A BG combination with BP, still recovering from the 2010 spill in the Gulf of Mexico, may be another possibility, according to Hawkins. London-based BP, which has a market value of $139 billion, has itself been considered a potential takeover target because of its diminished valuation relative to reserves, earnings and output, people familiar with the company’s strategic thinking and its potential acquirers said in November.
A tie-up would create a company better able to rival Exxon and Shell, Hawkins said, and BG management could take the lead.
“If they want to do a reverse takeover, that is quite an interesting idea,” said Hawkins, who knew Finlayson when they both worked at Shell in Nigeria in the 1990s. If Finlayson “is able to prove himself very quickly to investors and get the institutional support, then that sort of aggressive thing is possible.”

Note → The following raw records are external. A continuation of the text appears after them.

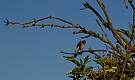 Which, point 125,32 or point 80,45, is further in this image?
point 80,45

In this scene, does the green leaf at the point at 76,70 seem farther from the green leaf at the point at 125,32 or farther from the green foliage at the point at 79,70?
the green leaf at the point at 125,32

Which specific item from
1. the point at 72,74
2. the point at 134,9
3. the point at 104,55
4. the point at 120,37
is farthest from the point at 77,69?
the point at 134,9

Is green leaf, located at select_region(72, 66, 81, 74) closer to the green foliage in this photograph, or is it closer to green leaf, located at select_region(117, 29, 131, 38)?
the green foliage

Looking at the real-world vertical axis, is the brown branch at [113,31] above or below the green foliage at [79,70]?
above

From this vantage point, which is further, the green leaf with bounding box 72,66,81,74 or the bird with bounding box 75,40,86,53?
the bird with bounding box 75,40,86,53

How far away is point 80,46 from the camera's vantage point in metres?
3.62

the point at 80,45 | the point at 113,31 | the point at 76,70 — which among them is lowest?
the point at 76,70

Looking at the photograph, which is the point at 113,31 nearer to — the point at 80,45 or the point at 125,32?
the point at 125,32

Investec Securities Ltd.’s Stuart Joyner said BG’s expensive multiples will deter buyers and the company won’t pursue a takeover of its own while Finlayson sets a plan for addressing production growth issues. The new CEO is most likely to sell some of the Brazilian fields, which account for about 40 percent of the company’s market value, to help boost capital, the London-based analyst said.
“They have to farm down Brazil,” Joyner said in a phone interview. “They are huge fields -- not without their complexities -- very good, with very high margin per barrel, so they are quite attractive.”
While selling some of the Brazil assets is the most probable outcome as the new CEO sets a strategy, the recent stock plunge has left BG cheaper than its underlying value, said Zac Phillips, a London-based analyst at Fox-Davies Capital Ltd.
“I was quite surprised when BG fell by as much as it did,” Phillips said. “It made it very vulnerable to a takeover.”